Le premier affrontement électoral entre libéraux et péquistes a porté sur le dégel des droits de scolarité. Bien des analystes ont estimé que Jean Charest s'était tiré dans le pied en annonçant une mesure impopulaire qui mobilisera les étudiants et donnera des munitions au chef péquiste. Et si c'était exactement le contraire? Et si les libéraux, avec cet engagement, n'avaient pas plutôt donné à André Boisclair la corde pour mieux se pendre?

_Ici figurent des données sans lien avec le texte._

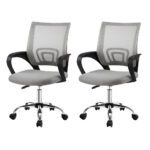 Artiss 2x Mesh Office Chair Mid Back Grey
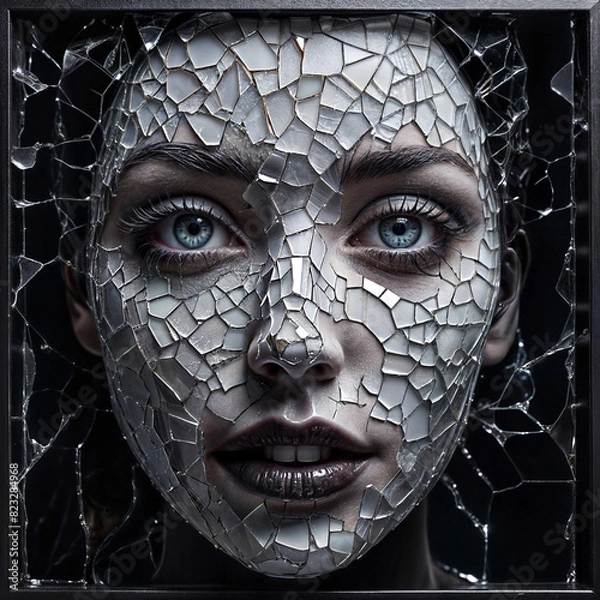 Fototapeta Shattered Splendor: Abstract Face in Glass Shards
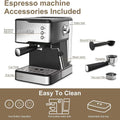 Geek Chef Espresso Machine Coffee with Milk Frother Steam Wand by DailySale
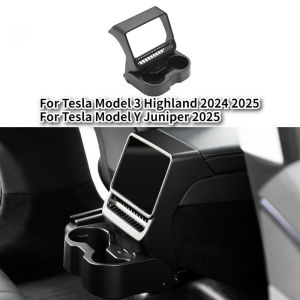 For Tesla Model 3/Y Juniper 2026+ Storage Box Rear Air Outlet Armrest Box Cup Holder Multi-Function Storage Holder Accessories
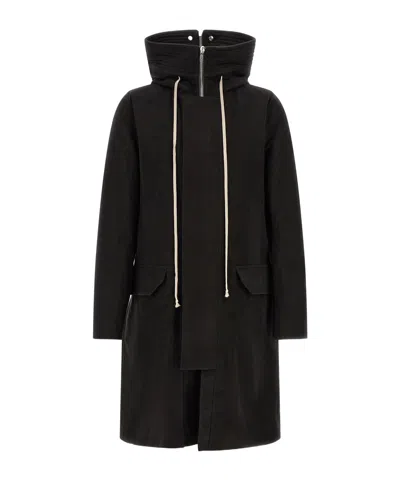 Rick Owens Megaparka Hooded Long Parka Casual Style In Black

Ce que bien des gens verront dans le débat sur les droits de scolarité, ce sont des étudiants au bord de la crise de nerfs pour des hausses très modestes, un PQ otage de sa vieille gauche, complice de l'agitation dans la rue et d'une éventuelle grève générale, et dont la promesse de geler les droits pour toujours envoie le message que c'est encore le parti des slogans, des pancartes et des vaches sacrées.
Les libéraux ont pris un risque calculé. Parce que ceux qui seront les plus indignés par leur initiative ne votent pas de toutes façons pour le PLQ. Et plus profondément, parce que la hausse des droits s'inscrit parfaitement dans la stratégie électorale libérale qui ne mise pas sur la séduction pour conserver le pouvoir - ce qu'un Jean Charest, toujours impopulaire, ne réussirait pas - mais sur l'idée d'un gouvernement responsable.
Le risque est probablement moins grand qu'il n'y paraît parce que le gel des frais de scolarité n'est plus l'enjeu qu'il était lorsqu'il a été instauré en 1994 par le gouvernement Parizeau. Les libéraux de Jean Charest, avant la campagne électorale de 2003, n'avaient pas osé s'attaquer à cette vache sacrée et avaient eux aussi promis le gel, pour aller chercher le vote étudiant. Un opportunisme politique auquel l'ADQ de Mario Dumont avait résisté.
Jean Charest, cette fois-ci, a osé s'attaquer au tabou, pour aussitôt se faire dénoncer farouchement par André Boisclair qui a même traité le premier ministre de menteur. Mais peut-on vraiment croire aux larmes de crocodile du chef péquiste? Il y a fort à parier que ni lui ni les ténors de son parti ne croient une seconde aux vertus du gel, et que l'opportunisme politique est maintenant dans le camp péquiste. Parce que les temps ont changé et qu'il n'est plus possible de défendre cette politique avec sincérité et intelligence.
En 12 ans, on a pu mesurer l'impact désastreux de cette mesure sur le sous-financement universitaire. L'écart entre les ressources de nos universités et celles du reste du Canada, autour de 400 millions par année, s'explique essentiellement par ce gel. L'argument voulant que l'on puisse régler ce problème sans hausser les frais, en allant chercher l'argent qui est à Ottawa, ne tient pas la route. Parce si Ottawa augmente ses transferts pour l'enseignement post-secondaire, ce sera pour toutes les provinces. Et si le Québec ne dégèle pas ses frais, son retard par rapport au reste du Canada restera exactement le même.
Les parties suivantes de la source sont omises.